Name: Charles Duncan Jr.
(Sep 1926–)
Houston, Texas , United States
Titles: Entrepreneur, Administrator Politician
Affiliation: Unknown
Honor: Unknown

1. Introduction

Charles William Duncan Jr. (born September 9, 1926) is an American entrepreneur, administrator, and politician best known for serving as U.S. Secretary of Energy on the Cabinet of President Jimmy Carter from 1979 to 1981. He had previously served as Carter's United States Deputy Secretary of Defense during the Iranian Revolution. Earlier, Duncan had run the family business, Duncan Coffee Company of Houston, Texas, for seven years, until the Coca-Cola Company acquired it in 1964. After seven years on the Coke board, Duncan became the corporation's president.

2. Early Years

A native of Houston, Duncan was prepared at the Sewanee Military Academy and served two years in the U.S. Army Air Corps. He graduated from Rice University in 1947 with a degree in chemical engineering. Duncan also pursued two years of graduate work in business administration at the University of Texas and worked briefly as a roustabout and chemical engineer for Humble Oil and Refining Corporation (now Exxon).[1]

3. Duncan Coffee Company

In 1957 Duncan joined his family’s coffee business, which had been founded by his uncle and father in 1918. Duncan Coffee’s early brands, notably Admiration and Bright & Early, had become grocery staples in Texas and surrounding states.[2] Duncan rose steadily through the ranks and attained the presidency in 1958, when he was 31. Under his leadership, the company expanded into the production of instant coffee—a new and popular beverage—by acquiring plants in New Jersey and Pennsylvania. Duncan also acquired several regional brands of ground coffee, including Butternut Foods of Nebraska and Fleetwood Coffee of Tennessee. Most importantly, he developed Maryland Club Coffee, which was marketed as a premier, upscale blend rivaling Maxwell House.[3] The company’s print ads featured an elegantly dressed model, brunette Elsa Rosborough, who became known as Miss Maryland Club.

4. The Coca-Cola Company

On May 8, 1964, Duncan Coffee merged with the Coca-Cola Company, and Charles Duncan joined the Coke board.[4] He ran the newly formed Coca-Cola Foods Division, which included the coffee and citrus (Minute Maid) divisions of Coke. Three years later the company dispatched him to London to serve as chairman of Coca-Cola Europe. There Duncan supervised the operation and expansion of almost 300 Coca-Cola bottling plants throughout Europe and Asia, including ones in Eastern Europe, Southwest Asia, and North Africa.[4] The first Eastern Europe introduction into Bulgaria made The Coca-Cola Company the first U.S. consumer marketing company to penetrate the Iron Curtain.
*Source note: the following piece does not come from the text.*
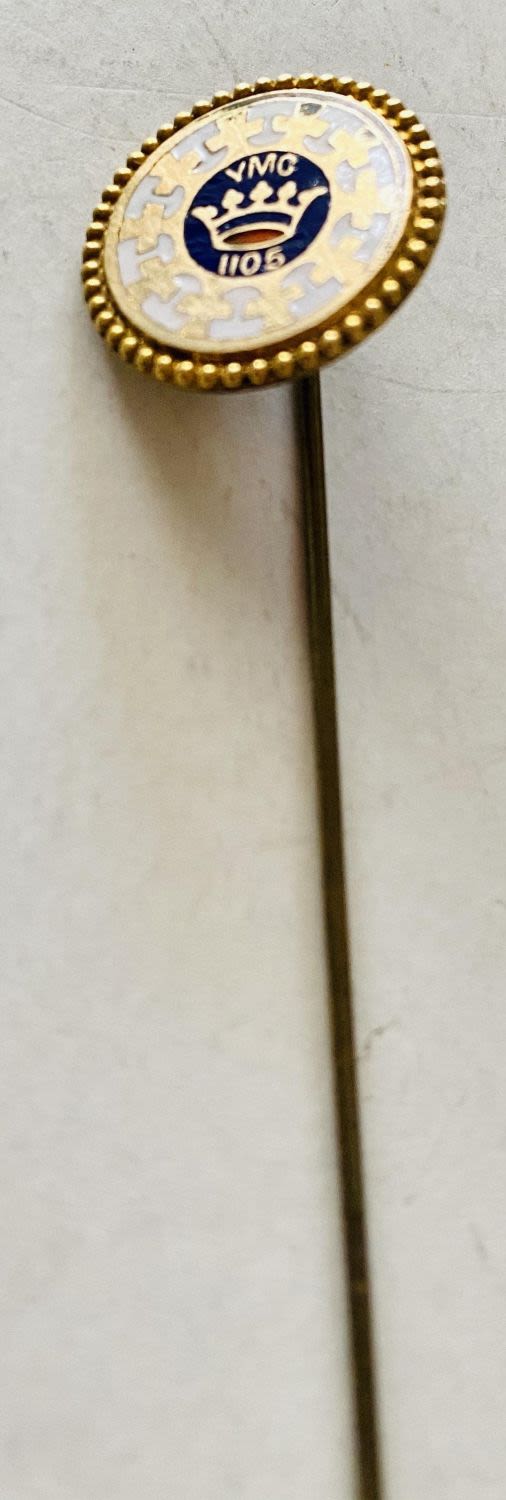 Lot 298: Fraternal enamel stick pin marked VMC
In 1970 Duncan returned to Atlanta and the following year became Coca-Cola’s president. During his tenure from 1971 to 1974, the company enjoyed extensive growth. It also modernized its advertising. During this period Duncan bought, from Coca-Cola’s eminent R. W. Woodruff, the famous TE Ranch, southwest of Cody, Wyoming—a working cattle ranch established in 1895 by William F. “Buffalo Bill” Cody.[4]

5. The Jimmy Carter Administration

In 1974 Duncan left Coca-Cola to head back to Houston, where he became the chairman of both Rotan Mosle Financial Corp. and Robertson Distribution Systems. In 1976, he received a call from newly elected President Jimmy Carter, whom he had known in Atlanta when Carter was governor of Georgia. Carter asked him to accept the position of Deputy Secretary of Defense.[5] In January 1977 Duncan moved to Washington, where he worked with Defense Secretary Harold Brown.[6] The Iranian Revolution followed, encompassing political changes that marked that nation’s transformation from a monarchy under the pro-western Shah Mohammed Reza Pahlavi to a so-called republic under the Ayatollah Ruhollah Khomeini. Duncan’s duties involved multiple trips to several countries, including Iran, some of which were undergoing considerable turmoil. Duncan’s military advisor was a young colonel named Colin Powell, who considered Duncan a mentor and good friend.[7] When Powell was promoted to brigadier general in 1979, Duncan pinned on Powell's rank insignia.

Duncan had a watershed year in 1979. In July, he became a member of the Cabinet when President Carter chose him to succeed James Schlesinger as Secretary of Energy. The appointment drew some criticism,[8] as Duncan had little experience in the oil business, but his managerial skills proved effective for a job that involved tough negotiations with OPEC and long lines for gasoline. The experience strengthened Duncan’s belief in conservation measures of all kinds, in addition to enhancing production.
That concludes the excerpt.